One of the big cases at the end of this year’s Supreme Court term was Gundy v. United States, where four justices signaled they were open to reviving a long dormant doctrine, the non-delegation doctrine, to constrain open-ended delegations of authority from Congress to Executive Branch agencies. There’s been various prognostications as to whether the Court will go further. Here, I ask whether the US really has a delegation problem in the first place.
Arguments for a strict application of the non-delegation doctrine often run along these lines: Congress gives broad, open-ended delegations of power to the administrative state; those broad delegations facilitate Congress dodging political and policy responsibility that it alone has under the Constitution; and they can also empower arbitrary or ineffective policy implementation by the Executive Branch and rent-seeking and lobbying by interest groups. The concerns go back to authors like Theodore Lowi’s The End of Liberalism, and the postwar legal scholar Alex Bickel. New York Law School Professor David Schoenbrod has made these arguments specifically in the context of environmental law for years.

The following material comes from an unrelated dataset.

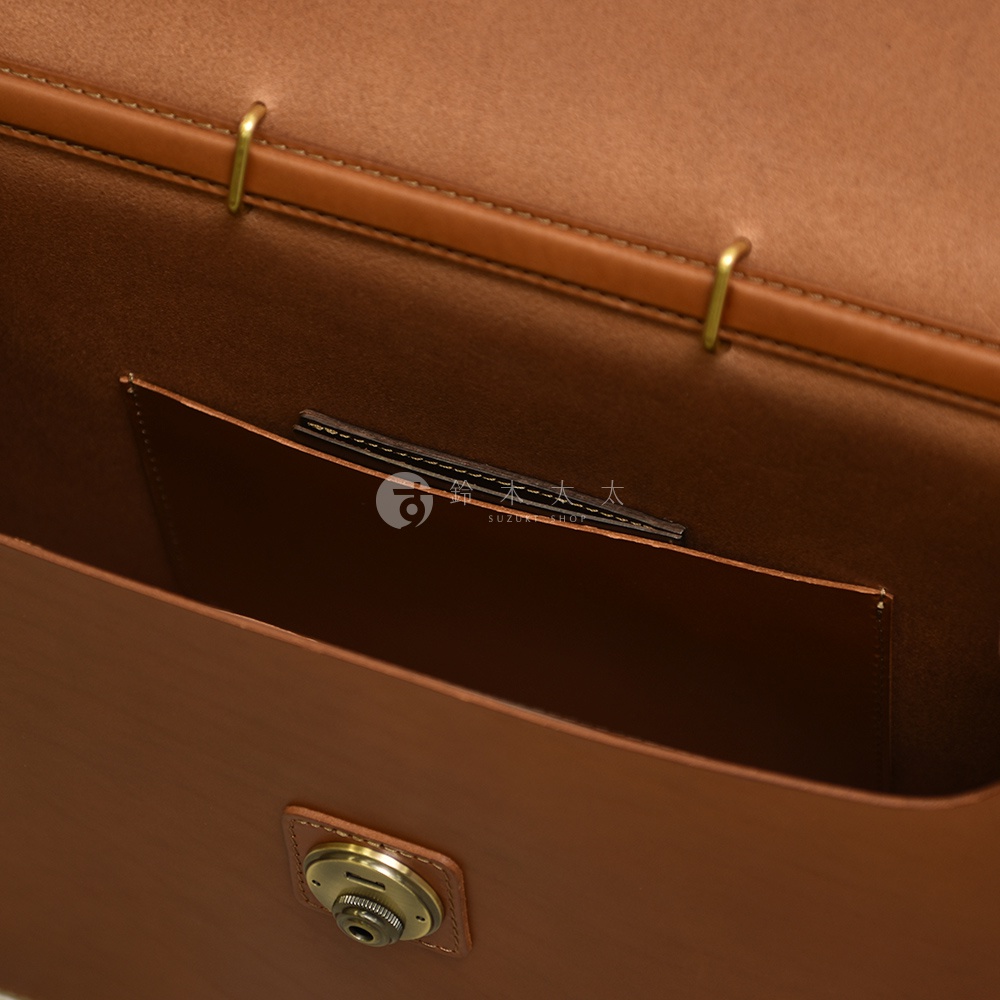職人手作皮革Organ兩用商務公事包 G-93，內部特寫，展示棕褐色皮革材質，包含一個內袋和一個金屬旋轉鎖扣，以及品牌標誌。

However, it’s not clear that the US is all that worse in terms of delegated powers from the legislature than other wealthy democracies. A recent piece I did in partnership with Sari Graben at Ryerson University in Canada compared the extent to which US and Canadian law delegates power to administrative agencies. Our findings: Canada does a lot more delegation than the US. Yet I don’t think anyone would (plausibly) argue that Canada is a dystopian land of political dysfunction, and tyranny. And the limited evidence that is out there indicates that this pattern is not unique to Canada – other wealthy democracies appear to delegate more power to agencies than the US does. The US stands out for the detail with which Congress legislates – in terms of the mandates it imposes on agencies to act, restrictions on what the agencies can and cannot do, the deadlines it imposes on those agencies, the requirements to report back to the legislature on implementation of statutes, and more.
Of course, there are limits to what one can infer from this limited comparison. It would be great to do additional detailed comparisons with other wealthy democracies to see if the differences between the US and Canada are unique. One might argue that even if broad delegations don’t obviously provide huge problems, they may have problematic effects on the margins that might be revealed by a closer comparison of environmental outcomes, political processes, and delegation across multiple countries.
But I think that this set of initial data is enough to put a burden of proof on those advocating for a broad expansion of the non-delegation doctrine – to show that broad delegations in other countries are really producing bad outcomes.